Transcribe the listing verbatim. Do not carry over any pictures.

Segment Start: Provided material

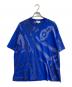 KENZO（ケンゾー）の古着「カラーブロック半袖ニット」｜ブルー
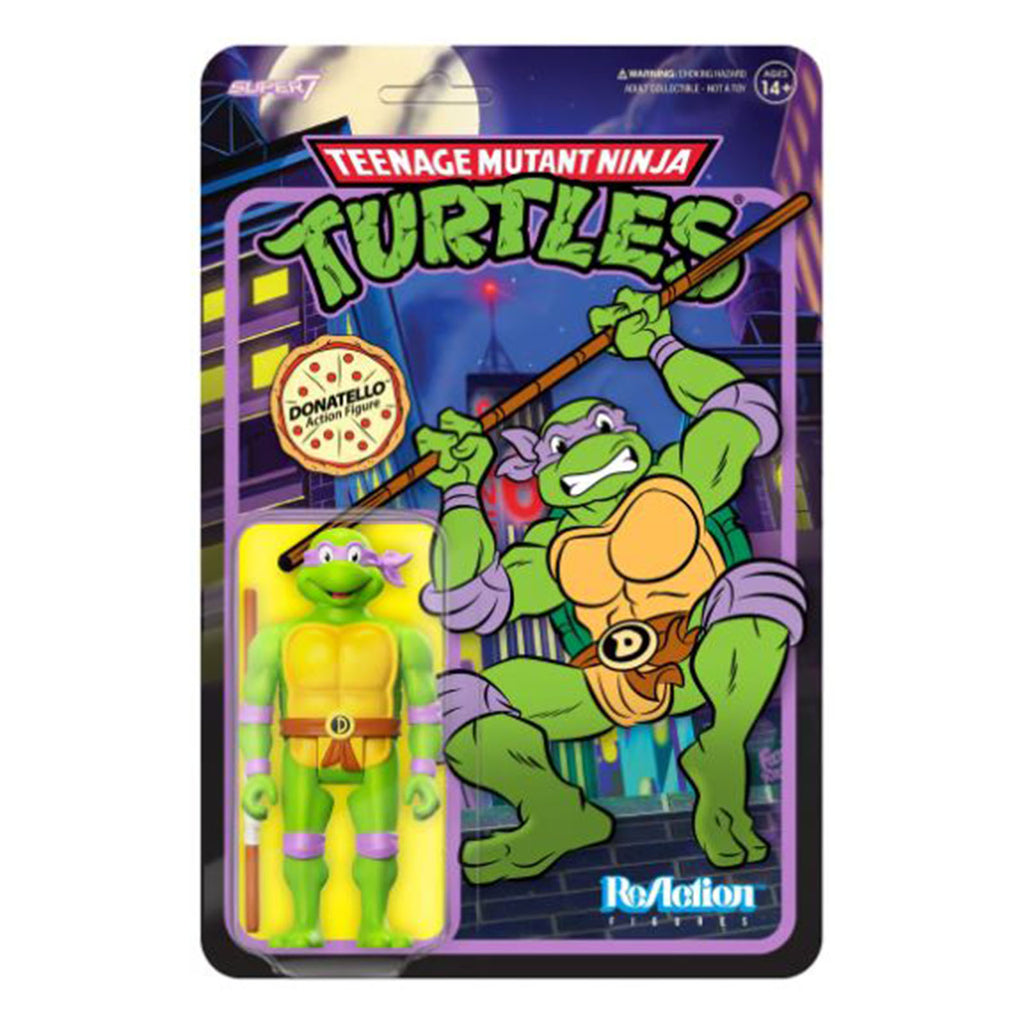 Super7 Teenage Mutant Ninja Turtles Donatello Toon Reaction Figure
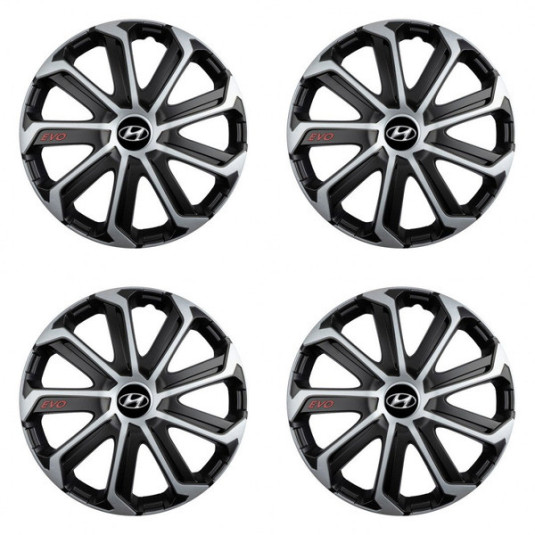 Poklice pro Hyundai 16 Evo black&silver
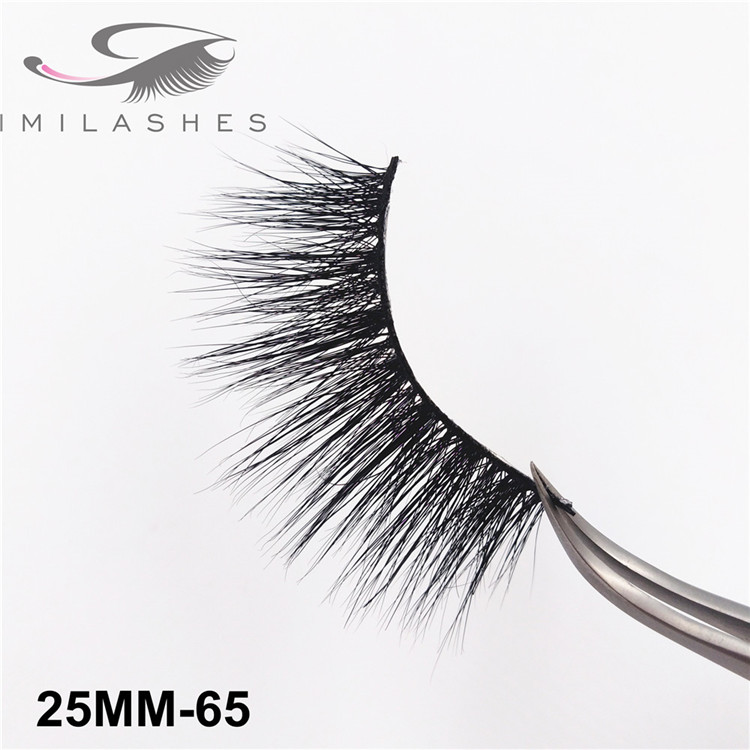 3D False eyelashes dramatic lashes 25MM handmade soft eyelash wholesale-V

Segment End: Provided material

- [Exercise answer]:
 KENZO（ケンゾー）の古着「カラーブロック半袖ニット」｜ブルー
 Super7 Teenage Mutant Ninja Turtles Donatello Toon Reaction Figure
 Poklice pro Hyundai 16 Evo black&silver
 3D False eyelashes dramatic lashes 25MM handmade soft eyelash wholesale-V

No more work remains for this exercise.